New financing structures and healthcare-as-a-service models offer flexibility, cost efficiencies and improve sustainability in today’s dynamic healthcare environment.

Ownership-based: Financing with a loan or extended payment terms from vendor, bank or other credit institution

Pros include:

 

  • Reduce costs for technologies with a long lifecycle: Keep using equipment that has exceptionally long-life expectancy once the loan is fully repaid. 
  • Full latitude to adapt or adjust equipment: Modify equipment without seeking external approval from financing institutions or banks. 
  • Ownership = equity: Add another high-value asset to business equity once the loan is fully paid off.

Cons include:

 

  • Pay higher upfront costs: Lenders may require a down-payment for high-tech equipment, depleting capital reserves. 
  • Risk of high repair costs: There is potential for increased maintenance costs and revenue disruption on equipment without a warranty guarantee. 
  • Risk of equipment obsolescence: Equipment may be outdated by the time the loan is fully repaid or have a very low resale value.

Hospital administrators meet to discuss financing models such as healthcare-as-a-service

Which financing structures maximize equipment lifetime value?

There are many innovative financing structures that solve a broad range of healthcare procurement issues, from hospitals requiring frequent equipment upgrades to practitioners setting up or expanding their facilities, and for all care providers facing capital constraints.

Strategic partnerships enable equipment suppliers and healthcare providers to share responsibility for planning and managing the complexity of medical technologies based on current and future needs. Similar to leasing models, they combine equipment, devices, maintenance and services into a flexible offering with transparent financing terms and conditions.
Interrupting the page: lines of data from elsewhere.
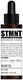 STMNT Grooming Goods Beard Oil 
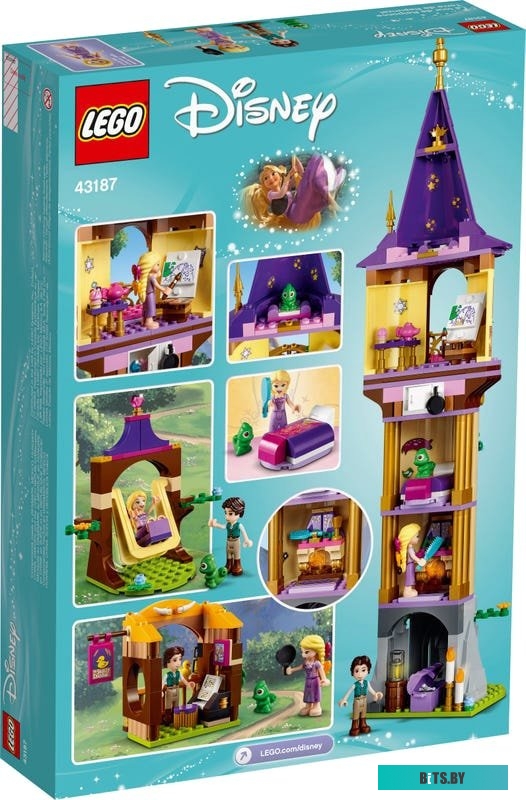 433187 Духовой шкаф GAS WGO 702 WHITE GLASS WEISSGAUFF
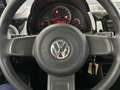 Volkswagen up! 1.0 60PK 5D Aut Move up! Blue Motion Gris - thumbnail 16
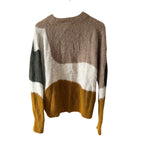 Everlane Alpaca Crew Neck Size L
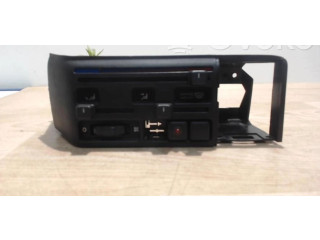 Блок управления климат-контролем 90356340, 90356340   Opel Monza A2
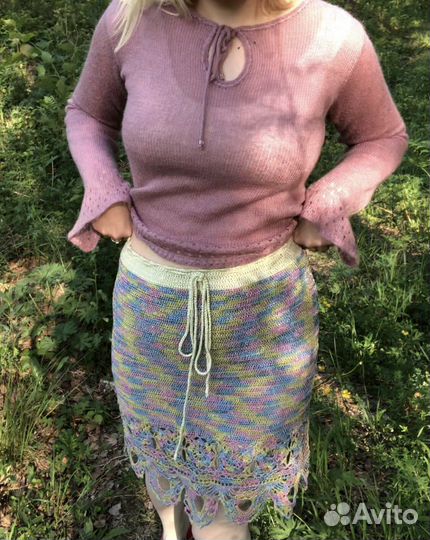 Goblincore/y2k/vintage/grunge/fairycore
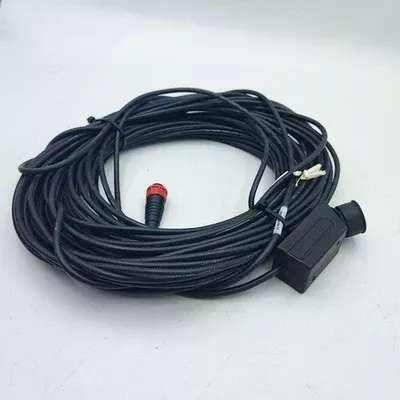 NAVMAN NORTHSTAR 3100 Wind Transducer Mast Cable 3100s MHU f/ Instrument System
Benefits of usage-based financing models for healthcare providers

New financing structures and healthcare-as-a-service models offer flexibility, cost efficiencies and improve sustainability in today’s dynamic healthcare environment. Financing contracts can be structured to provide more lifecycle options, such as equipment upgrades, capacity management, preventative maintenance, and additional services to best serve the needs of care providers and ultimately, patients.

The lifetime value of financed technology is maximized by sustainable management and maintenance programs integrated into financing solutions, including cost-effective upgrades or replacements and end of contract trade-ins, extending the lifecycle of the equipment.

As the equipment supplier owns the equipment, payments are simply linked to usage or service-level performance indicators, and the equipment supplier also ensures high operational uptimes for the care facility.